◆ YOUR TASK
Set down the full data below exactly as given, please.

Short web captions
———

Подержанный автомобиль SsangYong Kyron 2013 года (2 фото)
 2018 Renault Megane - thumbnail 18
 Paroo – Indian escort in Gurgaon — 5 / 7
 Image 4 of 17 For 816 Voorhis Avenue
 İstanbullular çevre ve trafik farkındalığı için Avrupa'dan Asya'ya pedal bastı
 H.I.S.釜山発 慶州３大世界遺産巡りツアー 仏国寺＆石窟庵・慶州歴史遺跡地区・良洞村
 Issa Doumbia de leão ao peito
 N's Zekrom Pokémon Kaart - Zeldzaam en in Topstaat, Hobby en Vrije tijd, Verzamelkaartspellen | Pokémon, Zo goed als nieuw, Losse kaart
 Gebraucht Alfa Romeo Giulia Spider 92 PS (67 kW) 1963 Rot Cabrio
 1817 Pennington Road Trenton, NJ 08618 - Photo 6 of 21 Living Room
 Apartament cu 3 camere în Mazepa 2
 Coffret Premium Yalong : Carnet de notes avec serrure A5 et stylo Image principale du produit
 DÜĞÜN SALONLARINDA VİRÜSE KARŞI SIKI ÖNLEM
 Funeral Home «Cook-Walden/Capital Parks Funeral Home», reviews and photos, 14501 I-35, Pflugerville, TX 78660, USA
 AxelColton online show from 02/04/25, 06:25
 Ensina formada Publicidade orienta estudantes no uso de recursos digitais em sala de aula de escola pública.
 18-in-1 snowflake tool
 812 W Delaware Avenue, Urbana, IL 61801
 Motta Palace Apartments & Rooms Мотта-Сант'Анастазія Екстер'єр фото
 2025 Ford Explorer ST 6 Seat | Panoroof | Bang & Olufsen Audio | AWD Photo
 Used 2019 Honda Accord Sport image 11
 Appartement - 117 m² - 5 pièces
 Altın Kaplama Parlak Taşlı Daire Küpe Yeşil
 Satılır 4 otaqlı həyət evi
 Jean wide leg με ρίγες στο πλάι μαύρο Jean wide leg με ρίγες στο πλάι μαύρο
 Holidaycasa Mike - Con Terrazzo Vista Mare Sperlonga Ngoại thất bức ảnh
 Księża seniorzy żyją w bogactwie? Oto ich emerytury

———

◆ ANSWER FOR THIS EXERCISE
Подержанный автомобиль SsangYong Kyron 2013 года (2 фото)
 2018 Renault Megane - thumbnail 18
 Paroo – Indian escort in Gurgaon — 5 / 7
 Image 4 of 17 For 816 Voorhis Avenue
 İstanbullular çevre ve trafik farkındalığı için Avrupa'dan Asya'ya pedal bastı
 H.I.S.釜山発 慶州３大世界遺産巡りツアー 仏国寺＆石窟庵・慶州歴史遺跡地区・良洞村
 Issa Doumbia de leão ao peito
 N's Zekrom Pokémon Kaart - Zeldzaam en in Topstaat, Hobby en Vrije tijd, Verzamelkaartspellen | Pokémon, Zo goed als nieuw, Losse kaart
 Gebraucht Alfa Romeo Giulia Spider 92 PS (67 kW) 1963 Rot Cabrio
 1817 Pennington Road Trenton, NJ 08618 - Photo 6 of 21 Living Room
 Apartament cu 3 camere în Mazepa 2
 Coffret Premium Yalong : Carnet de notes avec serrure A5 et stylo Image principale du produit
 DÜĞÜN SALONLARINDA VİRÜSE KARŞI SIKI ÖNLEM
 Funeral Home «Cook-Walden/Capital Parks Funeral Home», reviews and photos, 14501 I-35, Pflugerville, TX 78660, USA
 AxelColton online show from 02/04/25, 06:25
 Ensina formada Publicidade orienta estudantes no uso de recursos digitais em sala de aula de escola pública.
 18-in-1 snowflake tool
 812 W Delaware Avenue, Urbana, IL 61801
 Motta Palace Apartments & Rooms Мотта-Сант'Анастазія Екстер'єр фото
 2025 Ford Explorer ST 6 Seat | Panoroof | Bang & Olufsen Audio | AWD Photo
 Used 2019 Honda Accord Sport image 11
 Appartement - 117 m² - 5 pièces
 Altın Kaplama Parlak Taşlı Daire Küpe Yeşil
 Satılır 4 otaqlı həyət evi
 Jean wide leg με ρίγες στο πλάι μαύρο Jean wide leg με ρίγες στο πλάι μαύρο
 Holidaycasa Mike - Con Terrazzo Vista Mare Sperlonga Ngoại thất bức ảnh
 Księża seniorzy żyją w bogactwie? Oto ich emerytury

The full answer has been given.